PROBLEM: Once the line with "Malga Pusterle - Vista dal Forte Verena" is found, write it out along with each later line exactly, through the end of the entries, skipping every picture.

[INPUT DATA — start]

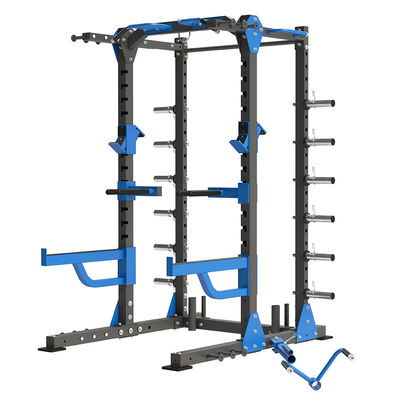 Commercial Gym Equipment Red Power Squat Rack with Customizable and Durable Design
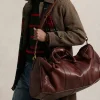 Bags|Holiday Bags|Polo Ralph Lauren Heritage Pebble-Grain Leather Duffle Bag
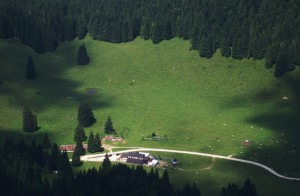 Malga Pusterle - Vista dal Forte Verena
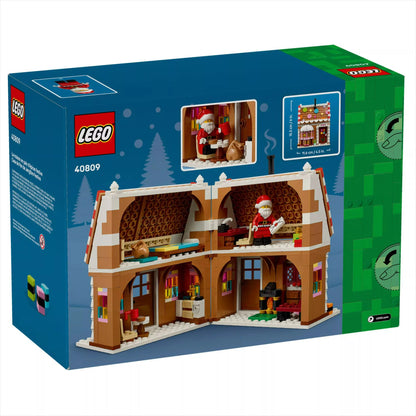 Peperkoekhuisje Bouwset – Kerst Schaalmodel van Bouwblokken (498 stuks)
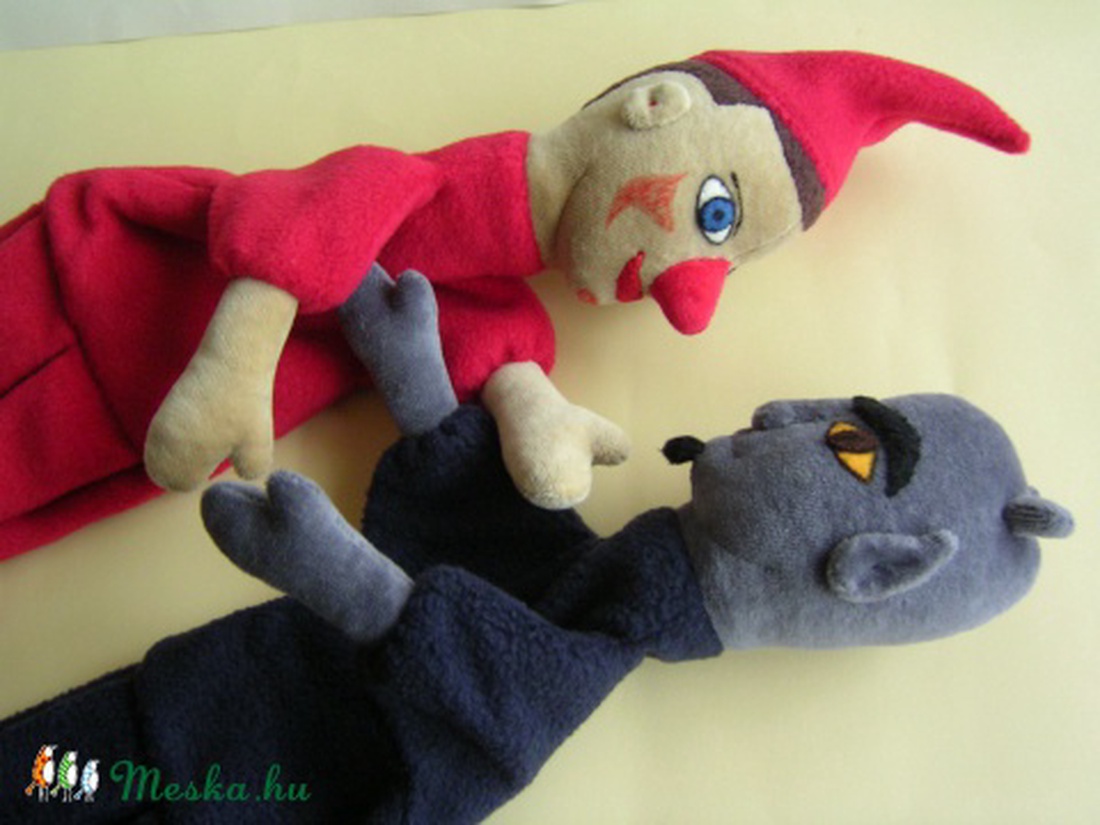 Vitéz L. és az Ördög,  kézbábok -  - Meska.hu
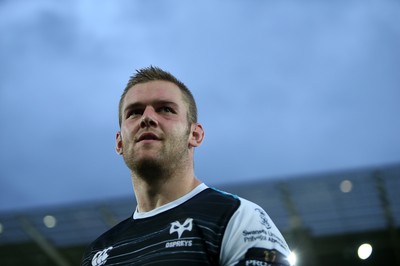 080918 - Ospreys v Toyota Cheetahs - Guinness PRO14 - Dan Lydiate of Ospreys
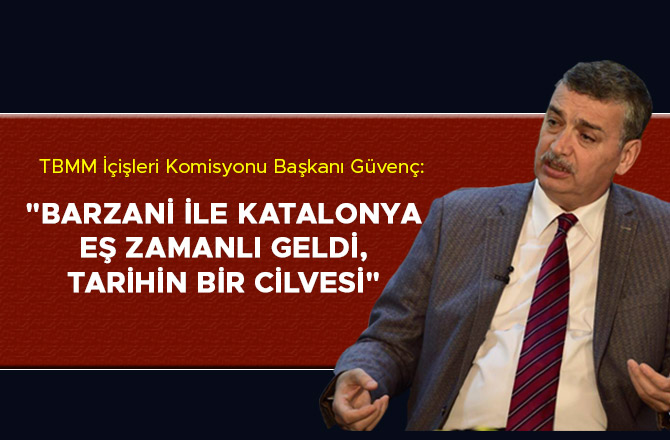 "BARZANİ İLE KATALONYA EŞ ZAMANLI GELDİ, TARİHİN BİR CİLVESİ"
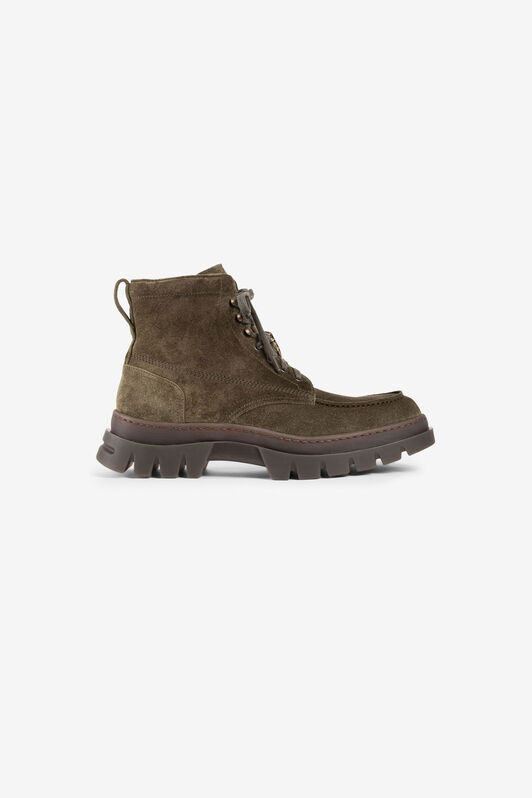 RC Stiefel aus Wildleder mit Tigerzahn ANETO PRS003-PZA95
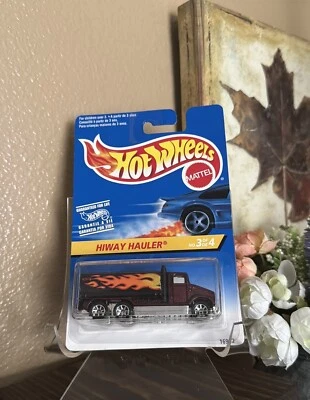Hot Wheels Hiway Hauler 1996 3 de 4 tarjeta azul Mattel vintage Foto 1 de 3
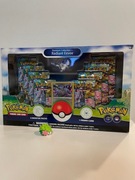 Pokemon TCG Radiant Eevee Premium Collection Pokemon Go / Mata i Przypinka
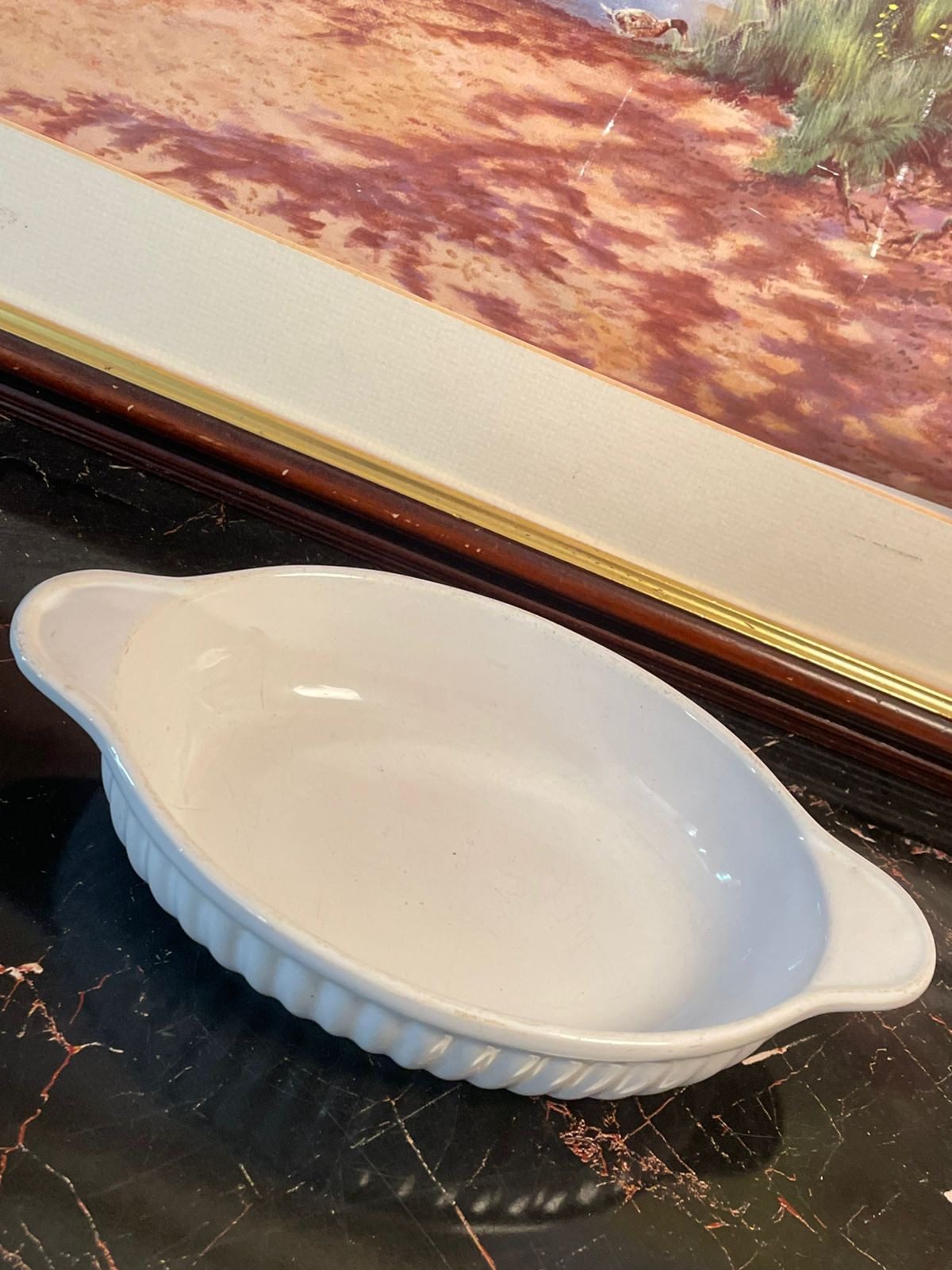 Classic White Oval Ceramic Baking Dish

[INPUT DATA — finish]

WRITTEN ANSWER:
 Malga Pusterle - Vista dal Forte Verena
 Peperkoekhuisje Bouwset – Kerst Schaalmodel van Bouwblokken (498 stuks)
 Vitéz L. és az Ördög,  kézbábok -  - Meska.hu
 080918 - Ospreys v Toyota Cheetahs - Guinness PRO14 - Dan Lydiate of Ospreys
 "BARZANİ İLE KATALONYA EŞ ZAMANLI GELDİ, TARİHİN BİR CİLVESİ"
 RC Stiefel aus Wildleder mit Tigerzahn ANETO PRS003-PZA95
Hot Wheels Hiway Hauler 1996 3 de 4 tarjeta azul Mattel vintage Foto 1 de 3
 Pokemon TCG Radiant Eevee Premium Collection Pokemon Go / Mata i Przypinka
 Classic White Oval Ceramic Baking Dish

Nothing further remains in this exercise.